Bien qu'il y ait réellement deux éléments différents à distinguer, dans la société, il reste que cette distinction doit se faire d'une autre façon et doit avoir pour objet de subdiviser le domaine de la sociologie et non de le restreindre arbitrairement.

La vie sociale est formée de manifestations diverses dont nous allons indiquer la nature. Mais quelles qu'elles soient, elles ont toutes le caractère commun d'émaner d'un groupe, simple ou composé, qui en est le substrat. L'étude du substrat social appartient évidemment à la sociologie. Il est aussi l'objet le plus immédiatement accessible à l'investigation du sociologue puisqu'il est doté de formes matérielles perceptibles par les sens. En fait la composition de la société consiste en des combinaisons de gens et de choses qui ont nécessairement un lien dans l'espace. D'autre part l'analyse explicative de ce substrat ne doit pas être confondue avec l'analyse explicative de la vie sociale qui se déroule a sa surface. La façon dont la société est constituée est une chose, toute autre chose est la manière dont elle agit. Ce sont deux sortes de réalités si différentes qu'on ne peut pas les traiter avec les mêmes procédés et qu'on doit les séparer dans la recherche. L'étude de la première forme par conséquent une branche spéciale - bien que fondamentale - de la sociologie. Il s'agit ici d'une distinction analogue à celle que l'on observe dans toute les sciences de la nature. A côté de la chimie, qui étudie la façon dont les corps sont constitués, la physique a pour objet les phénomènes de toutes sortes dont les différents corps sont le siège ; à coté de la physiologie qui recherche les lois de la vie, l'anatomie ou la morphologie s'attache à étudier la structure des êtres vivants, leur mode de formation et les conditions qui président à leur existence.

Les principales questions qui se posent à ce propos dans le domaine de la sociologie sont les suivantes :

Le substrat social doit tout d'abord être défini dans sa forme extérieure qui se caractérise principalement : 1) par l'étendue du territoire ; 2) par la situation géographique de la société, c'est-à-dire par sa position périphérique ou centrale par rapport aux continents et par la façon dont elle est entourée par les sociétés voisines, etc. ; 3) par la forme de ses frontières.

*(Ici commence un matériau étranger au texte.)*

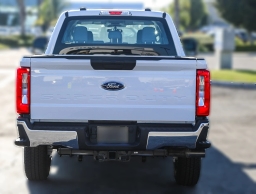 Ford Super Duty F-250 SRW XL 4WD Crew Cab 8' Box 2026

En fait, comme l'a démontré Ratzel, les frontières changent de nature et d'aspect suivant les pays ; elles sont constituées tantôt par des surfaces plus ou moins étendues, tantôt par des lignes géométriques, dans certains cas elles pénètrent comme des coins dans les pays voisins, alors qu'ailleurs elles s'incurvent et sont repoussées vers l'intérieur, et ainsi de suite. Il y a en outre le contenu, c'est-à-dire en premier lieu la masse totale de la population, dans son importance numérique et dans sa densité. Il y a des groupements secondaires que la société enferme en son sein et qui ont une base matérielle, telles que les villages, les villes, les districts et les provinces d'importance diverse. Et à propos de chacun d'eux se reposent les différentes questions qu'il faut étudier en ce qui concerne la collectivité, c'est-à-dire l'étendue des agglomérations, la grandeur des villes et des villages, les cours d'eau, les enceintes extérieures, la grandeur et la densité de la population, etc.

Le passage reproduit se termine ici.